This is not the type of issue I am talking about.
I am telling you all this because a few days ago I was struggling with finding dream jobs to apply to because I was missing one or two ticks on a job description. In true Imposter Syndrome form I would look through 4 paragraphs of a job and the TWO things I was inexperienced at would stick out like an atheist in the bible belt.
I would then throw out the job and shrug my shoulders as if to say, ah well, I would have failed at that job anyway because I didn’t have experience in X, and Y. Too bad though, because I could totally do A-W and Z`!
Yes, yes they did.
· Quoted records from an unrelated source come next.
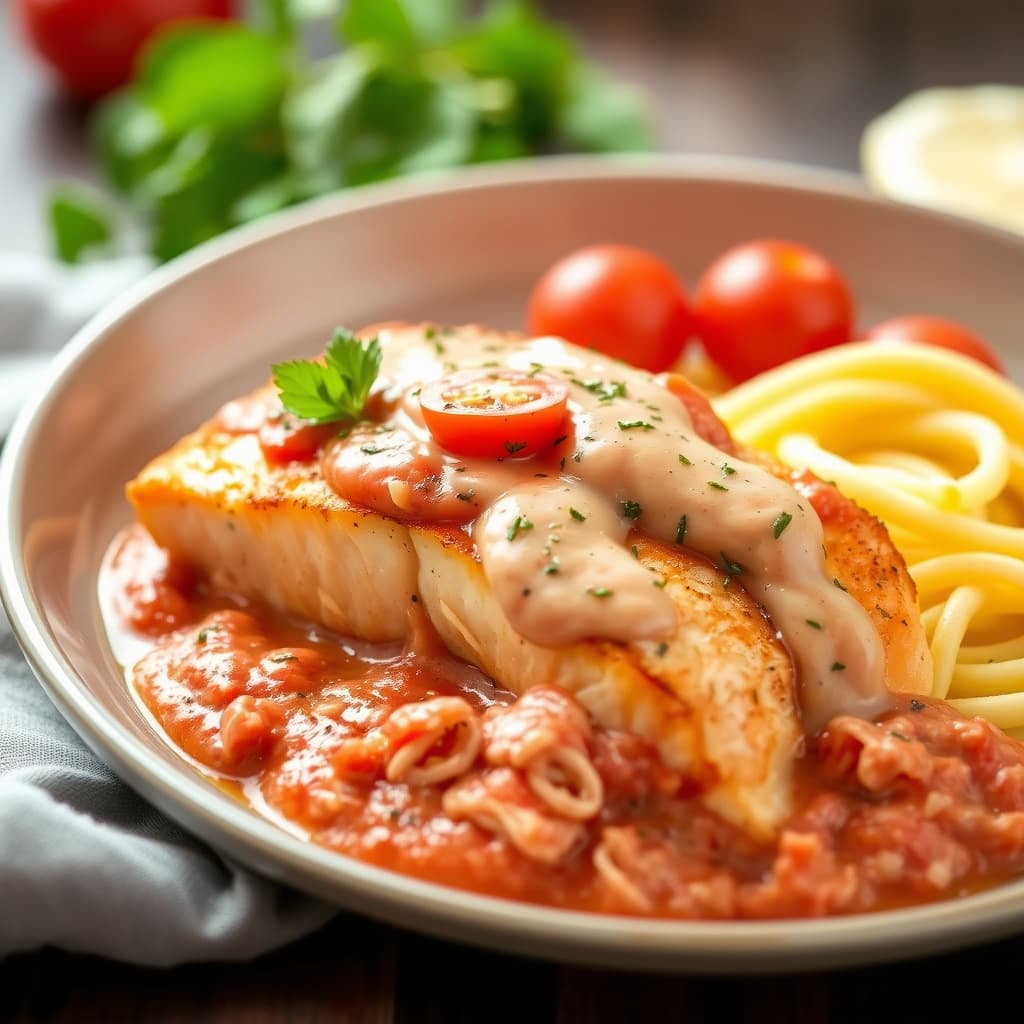 Grillet laks med tomatsaus og krem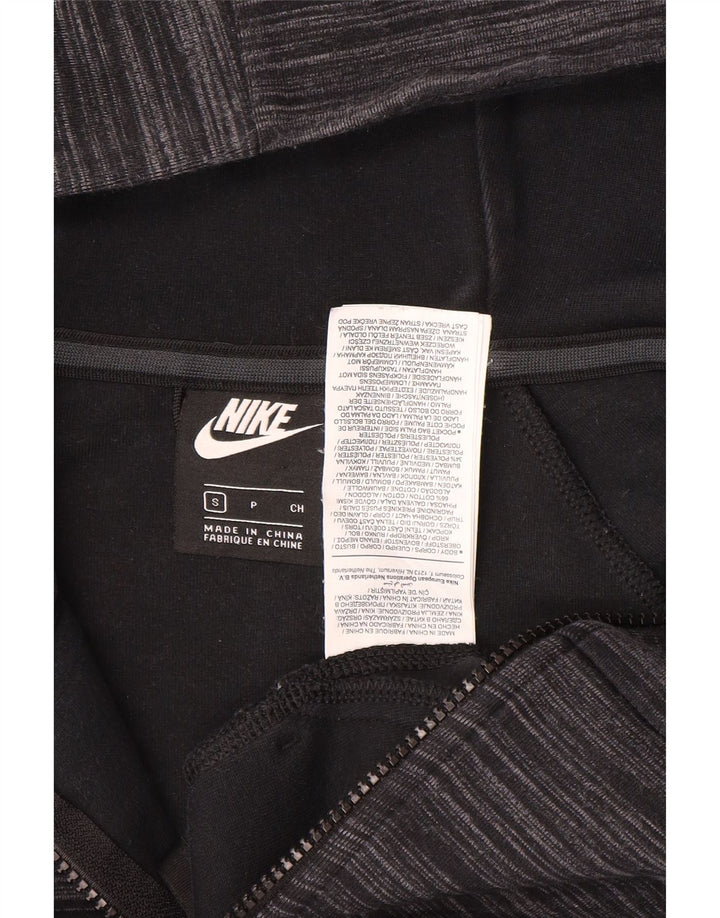 Męski sweter z kapturem i zamkiem błyskawicznym Nike, mały, szary, z bawełny w cętki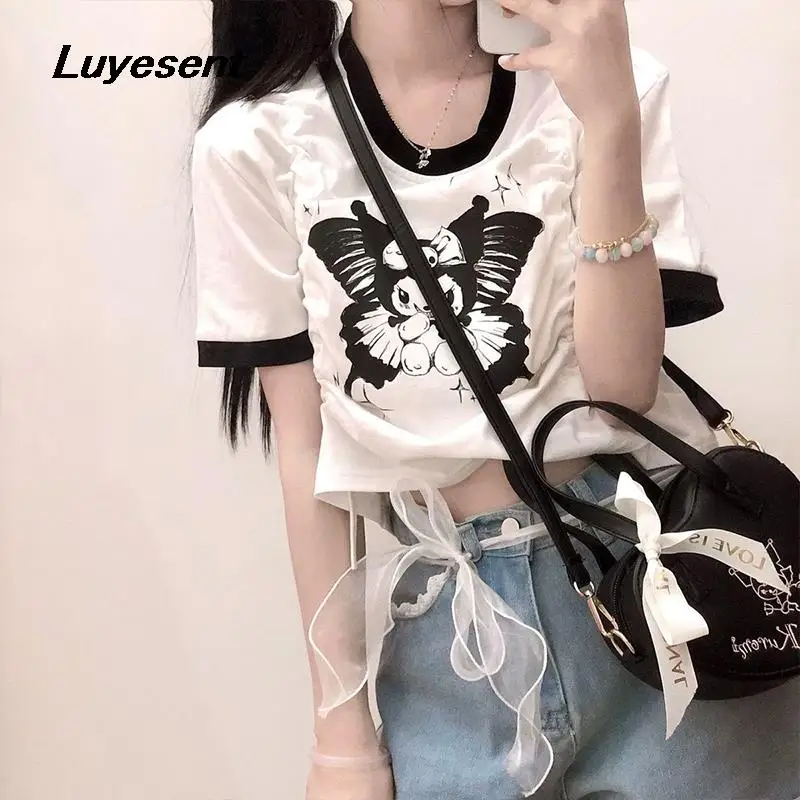 

White Female Draw String O Neck Short T Shirt Y2k Style Girl Kawaii Cartoon Print Crop T-shirts Korean Harajuku Pleated Tshirt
But I can guarantee that the 100% person does not exist.
There is nothing wrong with not wanting to be challenged in your job, feeling comfortable in your tasks at all times, not necessarily being interested in learning and growing. Some people are quite happy in these types of jobs and being paid to do so.
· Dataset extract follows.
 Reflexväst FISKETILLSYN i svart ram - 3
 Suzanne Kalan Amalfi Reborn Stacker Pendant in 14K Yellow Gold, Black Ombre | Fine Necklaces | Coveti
THIS IS NOT WHAT A DREAM JOB IS.
A Dream Job should challenge you, excite you, leave room for growth and be something you are passionate about.
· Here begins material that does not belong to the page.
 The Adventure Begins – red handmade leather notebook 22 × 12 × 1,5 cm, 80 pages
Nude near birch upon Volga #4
So unless you are passionate about routine (HEY don’t knock it some people are), or passionate about stagnation, or really in love with the notion of boredom, applying to roles that have some tasks you are inexperienced with is encouraged.
Back to the hypothetical role above. Pick out 3 things from the Job Description you are well versed at. Then , when your interview time comes and they ask you about those tasks that you are not as familiar with, it’s a great place to pitch yourself. You can let the interviewer know, “I am familiar with Photoshop and used it for personal projects and I am looking forward to using it more as I get up to speed in the role.”